Heather Welford: That’s right. It’s a real shame, isn’t it? I mean here you are all feeding Scarlet and -- I would say it's easy for you --
Emma Howard: It’s easy now yes she is --
Heather Welford: It’s convenient, mothers who stop in the first weeks don’t get to that stage when it really is a convenient, easy -- you don’t need to prepare it, night feeds are more convenient and giving it up in the early weeks can be -- you miss out on really the best part of those --
Emma Howard: And yeah it’s also hard. I really understand why people do because it is so tough and I think it’s the lack of preparation. I mean do you feel that the NCT are doing all they can to prepare women about how tough it can be in the first few weeks because your sense of failure is really quite huge, isn’t it?
Heather Welford: That’s right. This is one of the difficulties I have with the campaign to encourage women to breast feed because that’s only half the story. Women need to understand that there is certain supports and techniques that make breastfeeding easier and more rewarding. So it’s no good telling women, it’s a wonderful thing to do and then not giving them the support when they need to do it. Preparing women in pregnancy only goes so far because the reality can hit you. Unfortunately in this country there is a shortage of midwives both in hospital and in the community. And mothers may not have the right sort of help when they really need it.

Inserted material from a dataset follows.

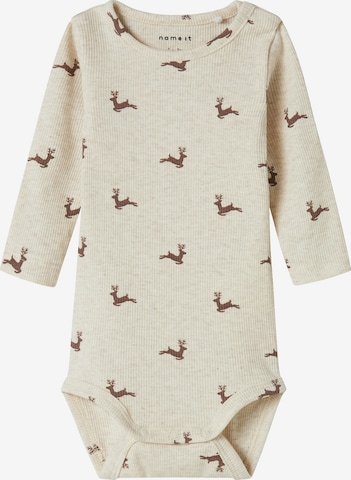 NAME IT Romper/Bodysuit 'NBNROKO' in Beige: front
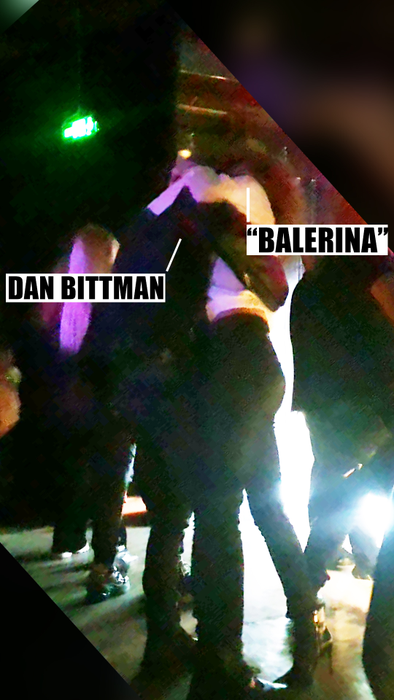Dan Bittman și "balerina", îmbrățișați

Emma Howard: So the key is to ask for it.
Heather Welford: You have got to ask but don’t greet your teeth and think everything is going to magically get better.

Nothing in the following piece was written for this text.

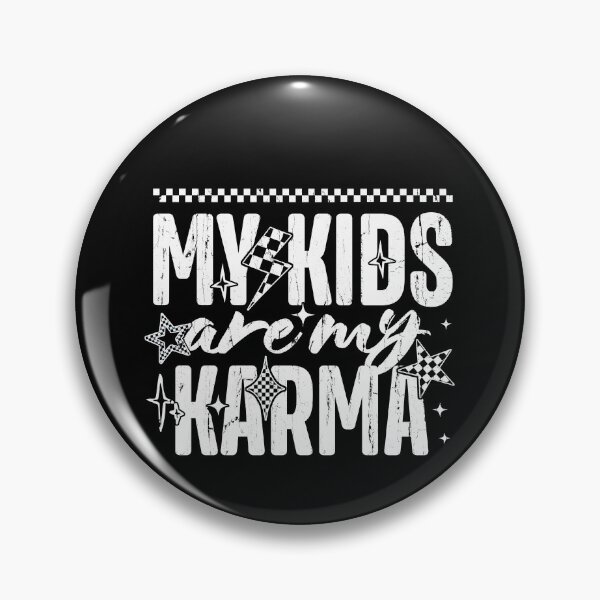 Item preview, My Kids Are My Karma designed and sold by caruku666.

Emma Howard: That it may not work if you are possibly in a wrong position.
Heather Welford: Yeah, yes. So as long as it doesn’t get worse if the baby continues to be attached in a way that’s damaging the skin.
Emma Howard: So ask for help.
Heather Welford: Ask for help. Give your baby lots of lovely skin to skin contact in the early days and that nurtures the baby’s instincts to get on the breast in the right way as well.
Emma Howard: Heather, thank you very much. She has fallen asleep now.